## TASK
Before you return the lines below, strip out any images and keep every word as written.

## INPUT DATA

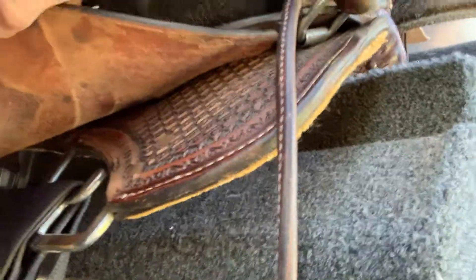My mom has a Double J saddle with the double rigging — it's right here — and it sits too far back with the SPH pad. The SPH pad has that cut-out where it's actually cutting off where you want protection for your horse from your saddle. So she doesn't like using it with that saddle. She has a five-star which is nice, so she uses that instead.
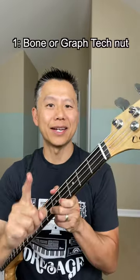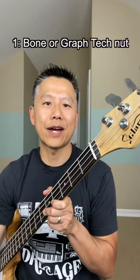Let me show you how to turn a cheap bass into a killer bass. Step 1: replace the plastic nut with a bone or graph-type nut.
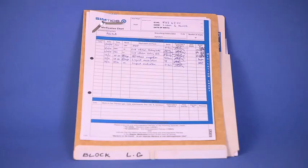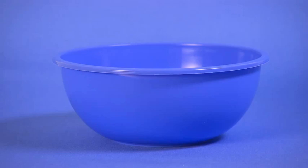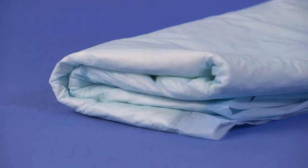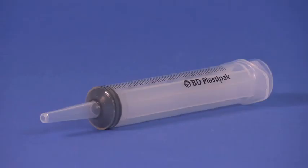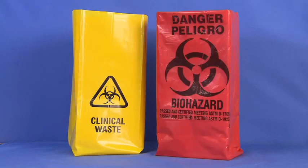Equipment required includes the following: the physician's written order, irrigation solution, a jug and a round basin for irrigation solution, an otoscope, towels, disposable drapes, a drainage basin, sterile gauze swabs, a syringe for irrigation, prescribed ear drops, cotton balls, and gloves.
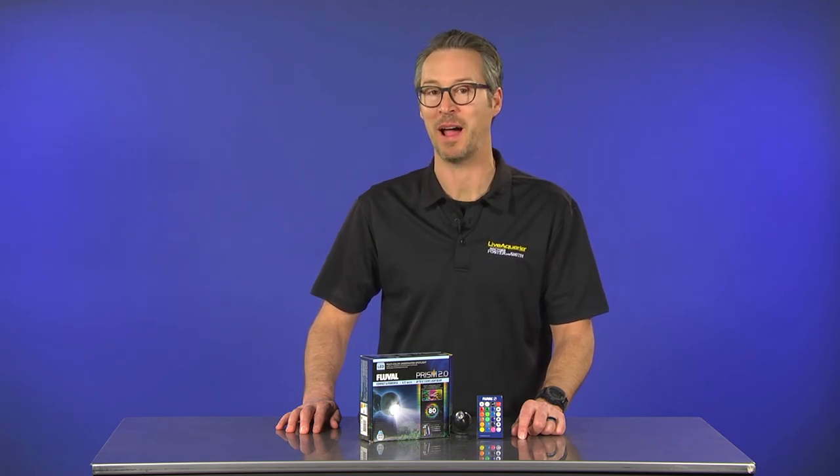Thanks for watching. Please comment below and share your thoughts and impressions of the next generation Fluval Prism Multicolor Underwater Spotlight LED. Better yet, share pictures of how you decorate your aquarium with light. Until next time — feed, siphon, repeat.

## SOLUTION BELOW
My mom has a Double J saddle with the double rigging — it's right here — and it sits too far back with the SPH pad. The SPH pad has that cut-out where it's actually cutting off where you want protection for your horse from your saddle. So she doesn't like using it with that saddle. She has a five-star which is nice, so she uses that instead.
Let me show you how to turn a cheap bass into a killer bass. Step 1: replace the plastic nut with a bone or graph-type nut.
Equipment required includes the following: the physician's written order, irrigation solution, a jug and a round basin for irrigation solution, an otoscope, towels, disposable drapes, a drainage basin, sterile gauze swabs, a syringe for irrigation, prescribed ear drops, cotton balls, and gloves.
Thanks for watching. Please comment below and share your thoughts and impressions of the next generation Fluval Prism Multicolor Underwater Spotlight LED. Better yet, share pictures of how you decorate your aquarium with light. Until next time — feed, siphon, repeat.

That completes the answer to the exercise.